Если реплика владыки об этих последних, — паки аминь. Указания Типика относительно возжигания свечей и лампад весьма немалочисленны: «должно есть вжигати свещи́», «и пред Владычним образом в тябле, аще имать святый бдение», «в начале же Святаго Евангелия вжигати вся свещи и оставляти горети до заамвонныя молитвы» и мн. др. и вполне определённо говорят о взаимосвязи количества светильников и степени торжества.

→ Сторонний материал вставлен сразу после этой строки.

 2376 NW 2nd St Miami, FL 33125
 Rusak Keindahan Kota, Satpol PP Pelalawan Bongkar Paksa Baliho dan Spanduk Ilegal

Но если говорить об электрическом свете, о каковом собственно и был задан вопрос, то, по мне, утверждение владыки Вениамина к нему никак нельзя отнести. Ну или почти никак. Потому что функцию электрического света не удаётся поднять до символической, она остаётся исключительно утилитарной. Во всяком случае в храме. На Новом Арбате, на каких-нибудь «ледовых шоу», на рок-концерте — да, пожалуй, свето- и цвето-эффекты артистичны и даже претендует на известный символизм (в бытовом понимании этого слова), но в храме… Уж больно грубая это стихия и соревноваться с живым мерцанием лампад, подвижным пламенем свечей, отражениями на фресках, мозаиках, металле, стекле ну никак не может. Попытки иллюстрировать покаяние, изгнанничество, ликование включением/выключением «люстры» нелепо и карикатурно, как, например, нелепо и безобразно на тот же «Свет Христов» взять и включить электрический свет (мне скажут, — когда-то здесь вносили светильник и проч. и проч., но как бы то ни было эта свеча давно осмыслена как икона Света Истинного, т. е. как символ, а прикладное её назначение утрачено). Так же нелепо ходить с каждением на 103 псалме с фонариком. Или, как предлагал некогда один гиперсовременный игумен (некто иг. Иннокентий (Павлов)) — вместо свечей и подсвечников делать лампочки, бросил монетку, лампочка и зажглась… (такое нередко можно увидеть на Западе).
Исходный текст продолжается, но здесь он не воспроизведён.